I decided to make a few changes.
The first thing I did was dismantle the side lockers. I removed the full length pin-rail from the shelf, by drilling out twenty teak plugs and stainless wood screws, (it was only 80” inches long!). I did the same with the locker doors and their framework and removed the whole lot. This widened the bed space by 8” inches all along its length, with the immediate effect of making the cabin seem larger.
The original vinyl covering on the sides and ceiling was faded and torn in places, so I stripped it all out with a box cutter, exposing the hull and underside of the deck. This entailed twisting out literally hundreds of staples by hand, with long nosed pliers, spaced about one inch apart. It has never ceased to amaze me how many screws and staples were used in the construction of these Down East boats, in many instances dozens more than necessary. No wonder Britannia came in at twenty tons!
To re-cover the cabin sides I bought two 4’ feet by 8’ feet sheets of Plas-Tex plastic (PVC) paneling. This is 1/16” inch thick and very pliable, waterproof, washable and easily trimmed with scissors or a box cutter. I have used this material throughout the boat to replace all the tatty and faded original vinyl side panels.
I removed the two port lights, then made templates of the upper and lower sides using art board. Making throw-away templates is a bit tedious, but it is the only way to ensure an accurate fit on a boat, with its many angles and hardly ever straight edges. What seems straight on the boat can be very irregular, and it is often amazing how a template looks when lying flat on the ground. I transferred my templates to the plastic sheets on the marina dock and cut them out, then glued them to the side of the cabin with contact adhesive. For this I prefer the gel type adhesive which doesn't “string” like the regular type, which is very important when gluing upside-down. I made “props and boards” to hold the underneath part of the side in place while the glue hardened. Replacing and re-caulking the ports also helped to hold the new covering in place.

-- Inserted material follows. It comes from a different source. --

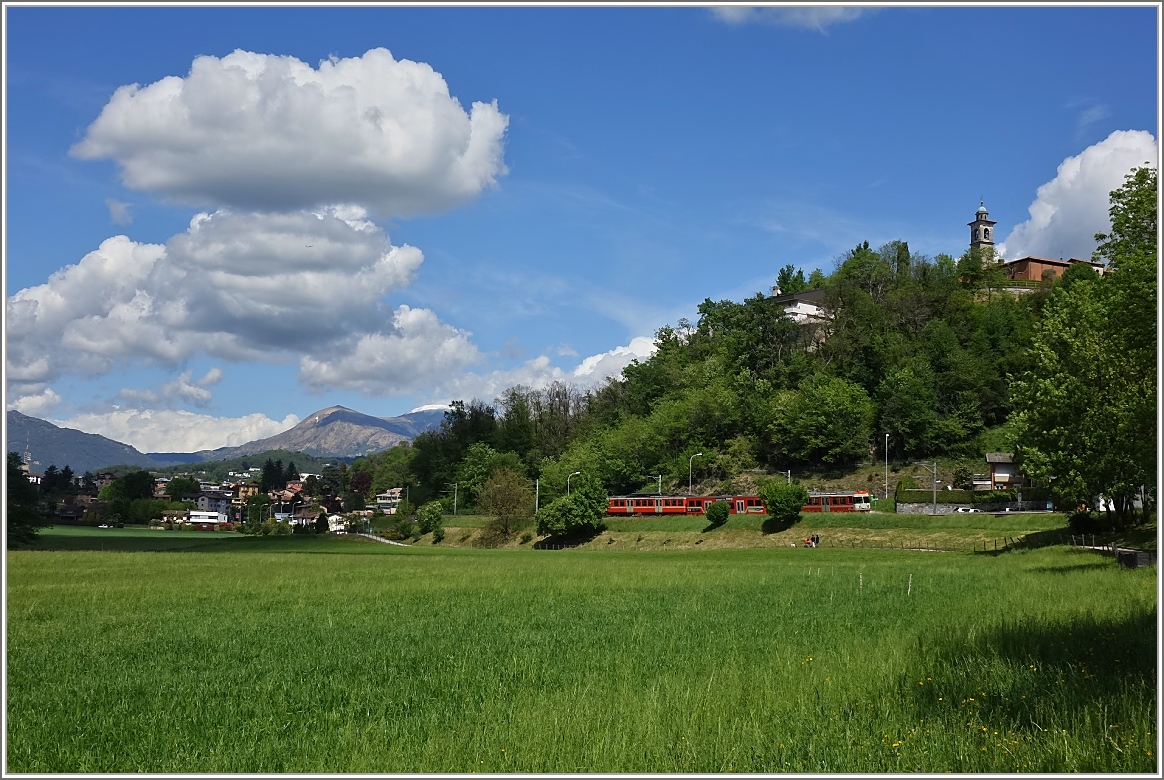 Durch diese herrliche Landschaft nicht weit von Lugano entfernt fährt ein Zug der FLP in Richtung Ponte Tresa.
(30.04.2015)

The original lighting for this cabin was also totally inadequate, being just a single 12-volt DC dome light and a small reading light in the corner. Before fitting a new ceiling to the overhead I wired a second dome light in with the original. I also installed two 120-volt AC sconce lights on the walls, wired into the boats 120-volt ring-main. These pretty little inexpensive lamps came from my local hardware store. I connected both sets of lights through a twin rocker switch mounted near the door.
This is a regular household double switch which can be completely isolated, one rocker from the other, by snapping the bridging connection. I wired the top rocker to the 120-volt AC sconces and the bottom to the 12-volt DC dome lights. Wall switches near the doors are much more practical than groping in the dark for the tiny overhead dome light switches. The lights can now be switched on and off from the wall switch, or individually from their respective lamp switches
While rewiring the lighting I also installed a twin 120-volt AC power socket.

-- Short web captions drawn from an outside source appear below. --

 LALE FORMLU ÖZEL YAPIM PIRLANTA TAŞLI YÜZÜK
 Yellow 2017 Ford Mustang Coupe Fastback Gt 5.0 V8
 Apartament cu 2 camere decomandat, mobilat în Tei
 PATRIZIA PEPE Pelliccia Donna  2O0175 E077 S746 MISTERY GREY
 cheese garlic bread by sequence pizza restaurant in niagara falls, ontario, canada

The cabin was now beginning to look a lot more functional and clean, but there was still the bare overhead ceiling to deal with. To re-cover this overhead I used tongued and grooved plastic (PVC) boards which I have used throughout the rest of the boat. It is called Plank Paneling and designed as wainscot panels for houses. An important benefit on a boat is the rot and mildew free lifetime guarantee, along with the ability to clean it with soap and water. The thickness also gives better thermal insulation through a hot deck than thin vinyl material. The dome light screwed into a piece of plywood embedded into the ceiling helped to secure the new ceiling panels.
With 6’ feet 8” inches headroom the cabin had plenty of height, so I decided to reposition two of the original locker doors and frame above the bed head, to form a large storage locker. I cut a base from a 1/2” inch sheet of plywood and supported it with battens screwed to the bulkhead and sides. I also glued a sheet of teak veneer to the underside and varnished it to match the bulkhead. Then I fitted two of the old lockers to the front to make a large storage space which did not impede the bed in any way. My wife didn't want any dividers in the locker, to give maximum access for bedding and pillows she wanted to store in this large dry area. It has more cubic capacity than all four original side lockers combined, and is very much more accessible. I fitted the new dome light where it can be switched on and off when in bed.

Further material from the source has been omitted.